Power summary: Afi is a seamstress in Ghana whose mother convinces her to marry a successful businessman whom she does not know. Here’s the first line: “Elikem married me in absentia; he did not come to our wedding.”
ARE YOU NOT DRAWN IN? I KNOW, RIGHT? While this debut novel isn’t perfect, it’s interesting. The story about the desire for independence and responsibility, for love and for freedom, about both trying to be a perfect wife and daughter and sister-in-law and niece, while also staying true to yourself, is not a new one, of course. But the POV of an arranged marriage in modern-day Ghana, with its incumbent obligations to extended family, is a fresh spin on it (for me, at least.) Even if I wanted to shake Afi sometimes, she has a resilience and a pluck you can’t help but root for.
I read The Nest in one sitting, which says something about how much I wanted to get up and tackle my to-do list (not much!) but also about what an easy, engrossing read this was.
Power summary: Four fortysomething siblings are set to receive an inheritance that each needs until a family crisis upends their plan, and their expectations.
This is one of those books with interweaving stories of siblings and their families who equally love and resent each other, who are each dealing with their own mid-life issues (debt, addiction, loss, regrets, striving) and who believe that this money will change them, will make it better, will make them better. Despite most of the characters being deeply dysfunctional and a little unlikeable (but in a funny way, not in a Succession way), somehow this is still a witty, compassionate novel. Just the right amount of substance for a Saturday morning!
Kerry’s Controversial Take: The Most Fun We Ever Had will try to convince you that it’s a similar kind of family saga book. Do not fall for its manipulations and tricks! Everyone is annoying, even the characters we’re *supposed* to like.
More Year-End Book Lists For Self-Recrimination!
Oh hey, let’s check out The New York Times Notable 100 Books of 2021, no doubt we’ve read a bunch of these, right?
GUESS AGAIN. I’ve read seven. SEVEN. Gah. Go on, make me feel better/worse - how many have you read?
*Also if ONE MORE of these lists tries to make me read Klara and the Sun, I simply cannot be held accountable for my actions. I GET IT BOOK WORLD. YOU LOVE THIS. You LOVE-LOVE it. Sheesh, get ahold of yourselves already.
RIP Stephen Sondheim
Yes, this is a newsletter about books, but this week the world lost a great writer, lyricist, artist and genius in Stephen Sondheim. He gave us art, music, reflection and unyielding intelligence for more than sixty years of Broadway. He challenged us to be better, to work harder, to think more creatively, to strive. In a world where legend is thrown around too easily, he was one.
(and if we must be thematically strict, he also wrote a number of actual books about his work which are must-reads for the Sondheim fan or anyone curious about the artist’s journey.)

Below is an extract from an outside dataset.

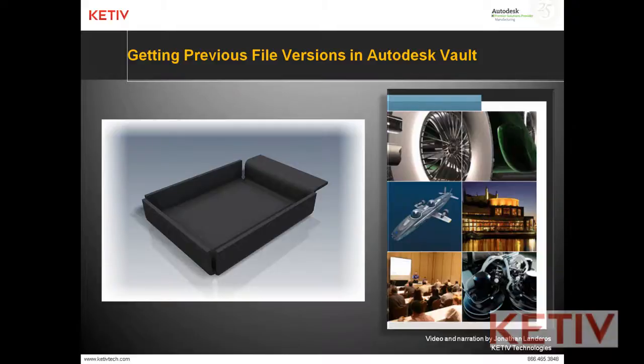Hello, Jonathan Landeros with Keteve Technologies, and this video is getting a previous file version from Autodesk Vault.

Are you still reading? Wow. Thanks!
That’s a lot of reading, I’m grateful! I’ll just remind you then that all of these books link to Bookshop.org, which supports indie bookstores. You can find my past recos here in case books about family are not your thing (you can also always browse the archive for all past newsletters about fiction, non-fiction, true crime, children’s books, you name it).
Oof, I've only read/listened to 3 of these NYT books. One of which was Klara and the Sun, and it really is VERY VERY GOOD
12! But just added a slew to my library wait list!
So you're saying I shouldn't tell you about how I loved and hated and was annoyed by but plowed through Klara and the Sun and that it haunted me for months after I read it? K. Noted.
My iteration of that sentiment: My Year Abroad. It's on every list but I COULD. NOT. GET. THROUGH. IT. I regularly say awake too late because I can't put a book down. This book I couldn't stay awake for more than a few pages at any time of day or night. Points for insomnia curing, I guess.
I feel like The Plot is another one that's on all the lists. I liked it. It took some getting into and the twist was foreseeable from a little too early, but it was one of those that I ended up staying up way too late to finish.